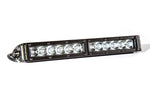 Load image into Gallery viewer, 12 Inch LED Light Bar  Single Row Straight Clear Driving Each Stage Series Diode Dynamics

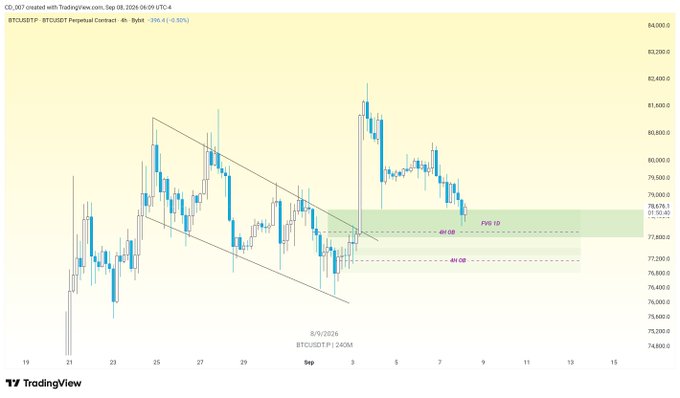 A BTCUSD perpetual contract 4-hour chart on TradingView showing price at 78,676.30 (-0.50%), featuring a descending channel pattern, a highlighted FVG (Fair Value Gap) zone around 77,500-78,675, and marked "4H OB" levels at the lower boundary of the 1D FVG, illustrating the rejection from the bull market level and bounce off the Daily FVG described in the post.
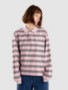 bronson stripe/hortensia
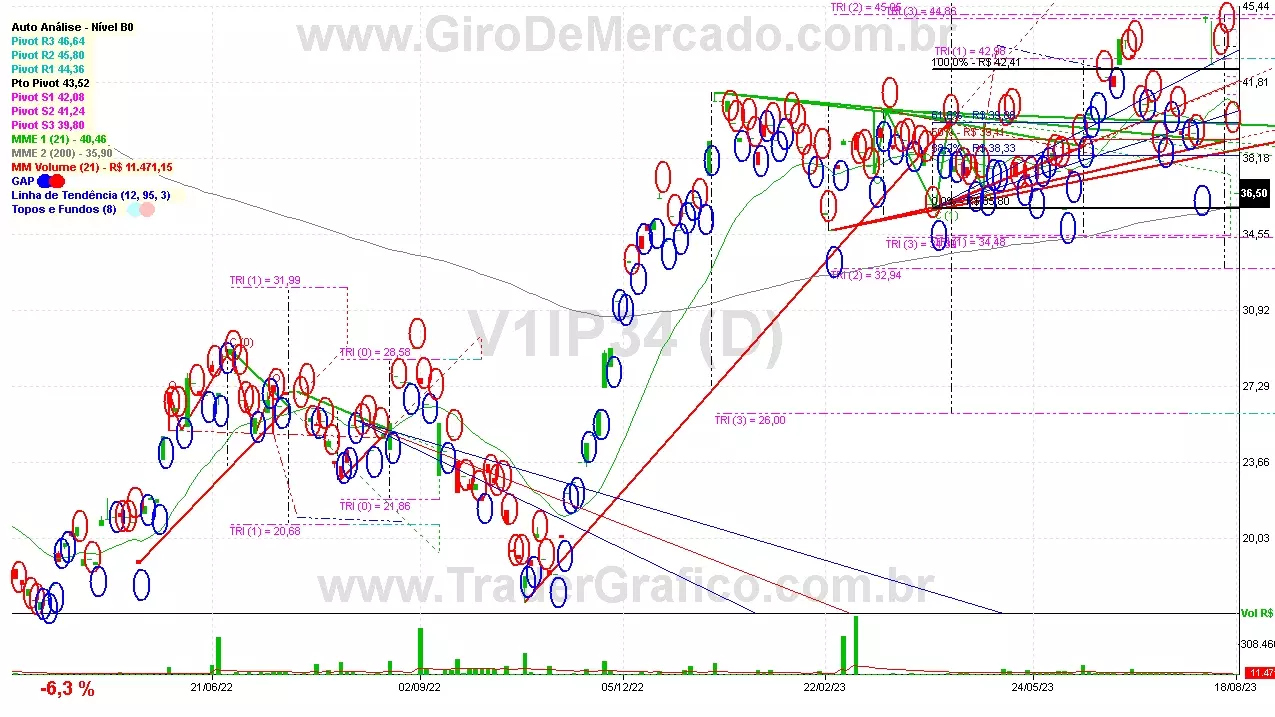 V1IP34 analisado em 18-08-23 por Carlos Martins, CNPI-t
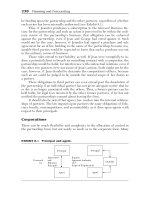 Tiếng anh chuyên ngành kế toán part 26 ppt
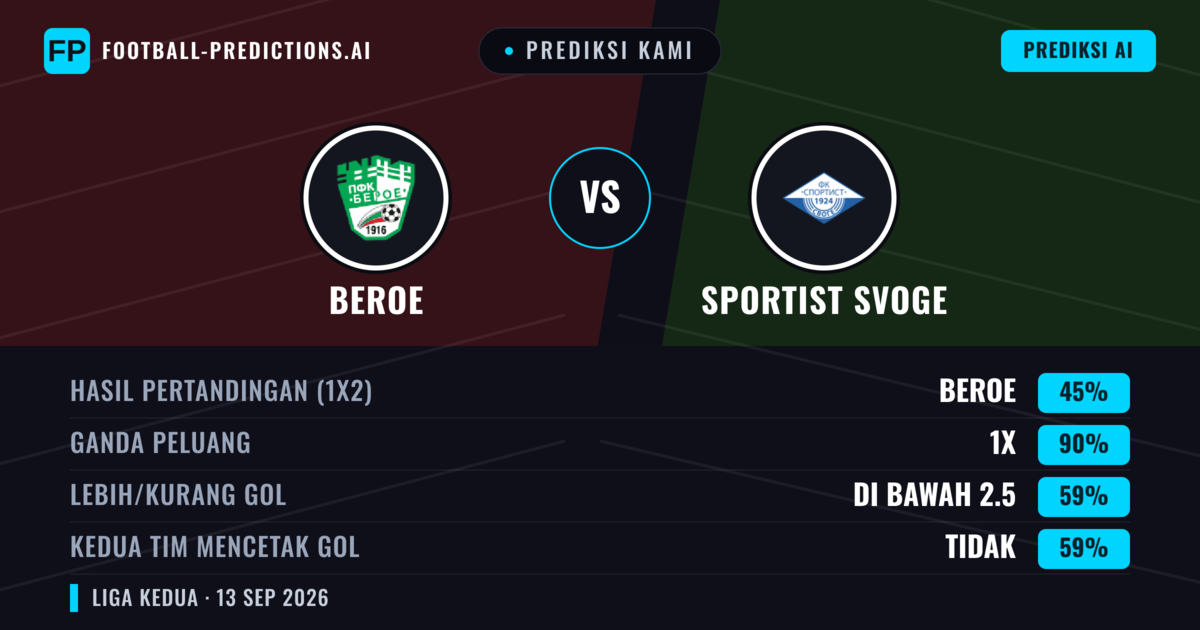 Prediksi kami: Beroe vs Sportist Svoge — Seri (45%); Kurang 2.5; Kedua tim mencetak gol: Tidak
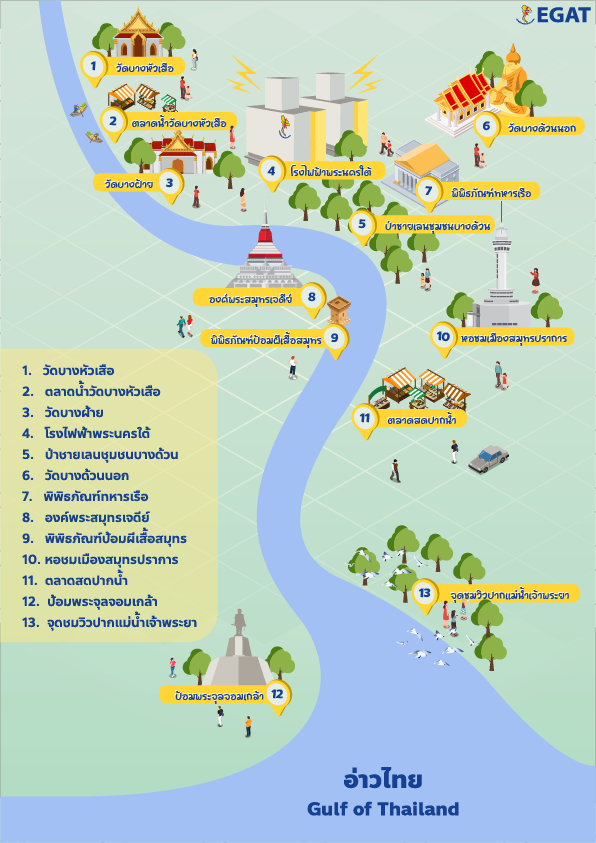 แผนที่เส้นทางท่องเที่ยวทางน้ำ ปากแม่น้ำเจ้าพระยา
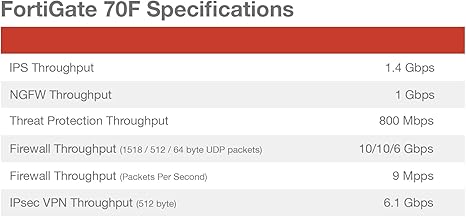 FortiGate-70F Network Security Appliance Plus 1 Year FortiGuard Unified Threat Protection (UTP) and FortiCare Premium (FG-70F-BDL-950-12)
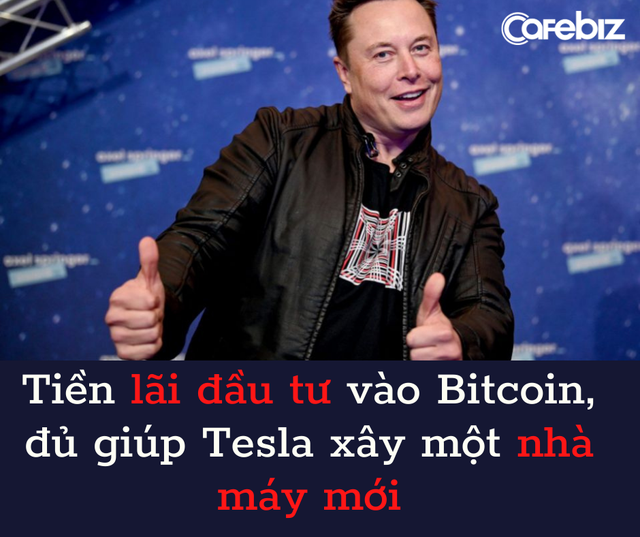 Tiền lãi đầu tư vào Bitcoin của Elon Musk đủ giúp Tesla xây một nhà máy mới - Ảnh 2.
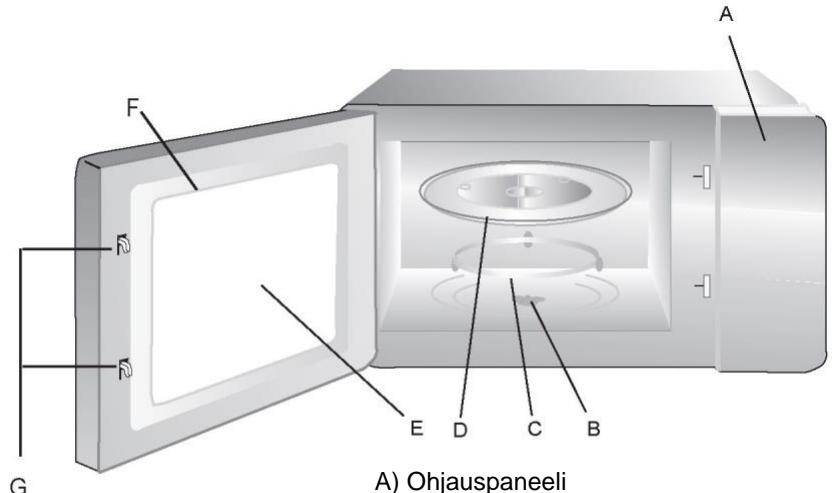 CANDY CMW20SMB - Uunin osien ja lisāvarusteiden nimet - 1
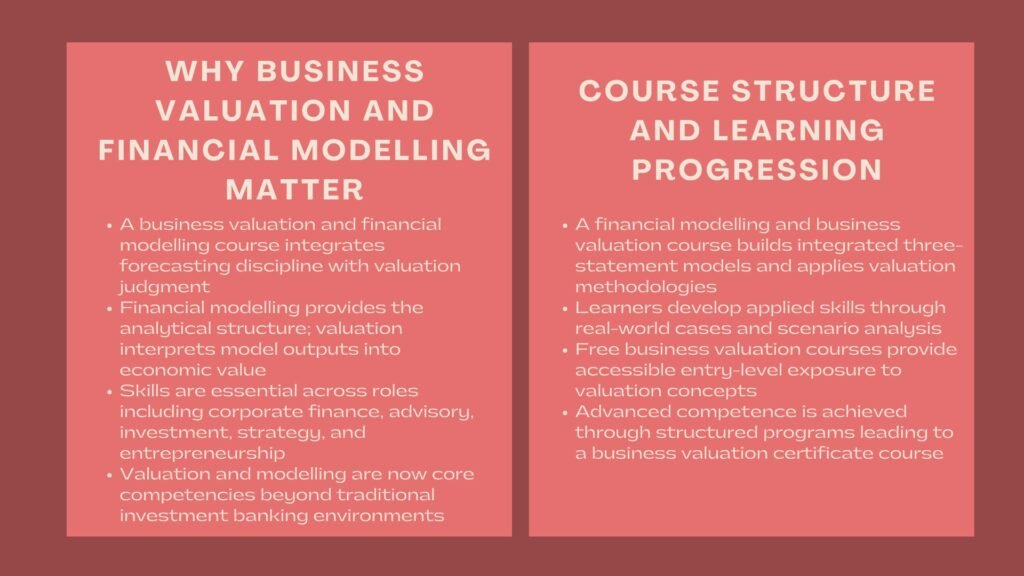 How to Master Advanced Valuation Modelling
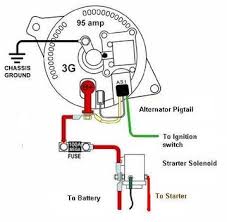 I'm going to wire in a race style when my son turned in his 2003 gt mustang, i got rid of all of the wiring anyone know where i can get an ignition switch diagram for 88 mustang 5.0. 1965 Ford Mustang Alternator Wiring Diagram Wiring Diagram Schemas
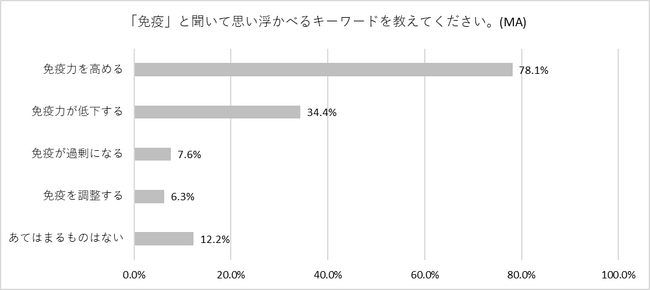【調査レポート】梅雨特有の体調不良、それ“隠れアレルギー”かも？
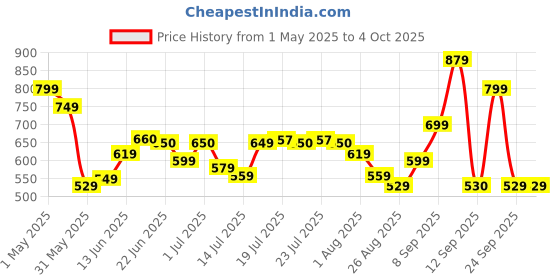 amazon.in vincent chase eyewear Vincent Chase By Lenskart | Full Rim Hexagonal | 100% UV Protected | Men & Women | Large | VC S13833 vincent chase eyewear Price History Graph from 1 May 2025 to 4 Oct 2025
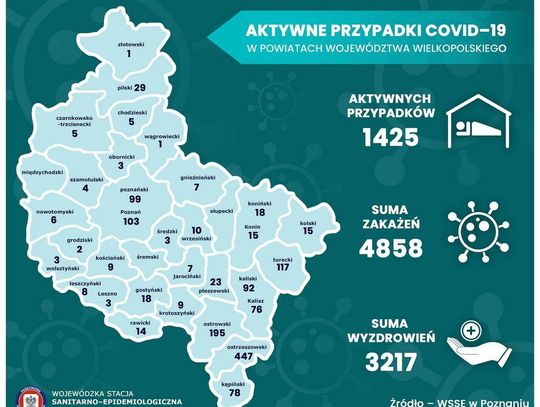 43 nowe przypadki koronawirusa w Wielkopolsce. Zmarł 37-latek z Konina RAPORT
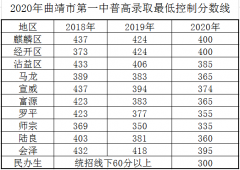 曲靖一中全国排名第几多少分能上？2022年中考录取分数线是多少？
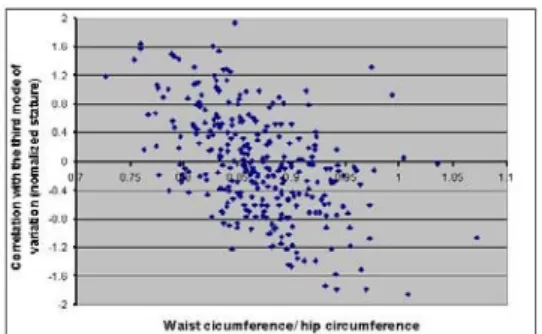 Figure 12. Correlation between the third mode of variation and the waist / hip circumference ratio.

• Exercise brief: Between and including the line with "Tiếng anh chuyên ngành kế toán part 26 ppt" and the line with "How to Master Advanced Valuation Modelling", repeat every line exactly as it appears above, with pictures left out.

• Result:
 Tiếng anh chuyên ngành kế toán part 26 ppt
 Prediksi kami: Beroe vs Sportist Svoge — Seri (45%); Kurang 2.5; Kedua tim mencetak gol: Tidak
 แผนที่เส้นทางท่องเที่ยวทางน้ำ ปากแม่น้ำเจ้าพระยา
 FortiGate-70F Network Security Appliance Plus 1 Year FortiGuard Unified Threat Protection (UTP) and FortiCare Premium (FG-70F-BDL-950-12)
 Tiền lãi đầu tư vào Bitcoin của Elon Musk đủ giúp Tesla xây một nhà máy mới - Ảnh 2.
 CANDY CMW20SMB - Uunin osien ja lisāvarusteiden nimet - 1
 How to Master Advanced Valuation Modelling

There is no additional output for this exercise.